Callister and Lawton’s verdict: such partnerships are a small but growing phenomenon. “Our initial analysis of census data suggests that this media interest may be exaggerating the extent of this phenomenon,” they say in their research paper. “Nevertheless, the official data indicate it is an important group and its size does seem to have been growing marginally since the 1980s, at least for those living together in the same households.”
Census data from 1986 and the most recent one in 2006 showed that although women tend to have older partners, they have made a slight shift away from this pattern. In 2006, a smaller proportion of men had younger partners than in 1986, whereas a higher proportion of women had younger partners.
Looking at a snapshot of women aged 40, 50 and 60 in the 2006 Census, the researchers found that in some cases not much had changed since the 1986 Census. But for 40-year-old women, they found a more than 50% rise in the proportion who had a partner aged 35 or younger. And for 50-year-old women, they found a more than 70% rise in the proportion who had a partner aged 45 or younger. (See table.)

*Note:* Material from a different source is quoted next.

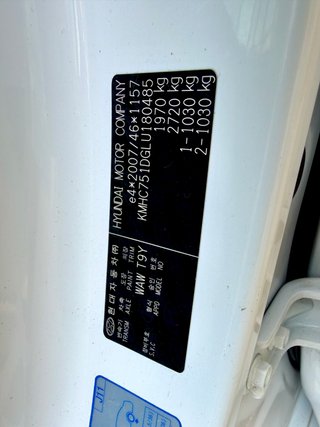 Hyundai IONIQ 1.6 GDI PHEV Tecno DCT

So why have live-in relationships between older women and younger men become more common? Lawton and Callister say it is likely to be a symptom of the growing economic and social independence of women. In the West, the rise of women’s economic status and sexual freedom has meant they no longer have to be financially dependent on men, giving them more freedom to choose partners. Some theorists point to a “marriage squeeze” for older women, claiming a shortage of available partners in their age group means they have to search more widely.
Another explanation is the social exchange theory, in which individuals seek the “best value” they can in a partner, with market value dependent on factors such as beauty, intelligence, charm, wealth and social status. On this basis, older women’s “market value” may be higher today than it ever has been,
allowing them more choice in mates.
“On average, women are now more educated than ever, earn higher incomes, have a higher status in society, can have recreational sex and are more likely and able to look younger due to diet, exercise and through cosmetic procedures.

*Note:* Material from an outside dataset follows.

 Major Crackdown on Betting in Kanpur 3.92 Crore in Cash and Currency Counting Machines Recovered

“Compare this with the ‘market value’ of a woman of the same age in the 1950s. She would have had a lower education level, little or no income because her husband would have supported her financially, not been able to have recreational sex because of the lack of contraception, already would have had a number of children and not been able to look as young as women can today. Single, or even currently partnered, women in their forties and fifties are now able to get into the dating market to find a new partner.”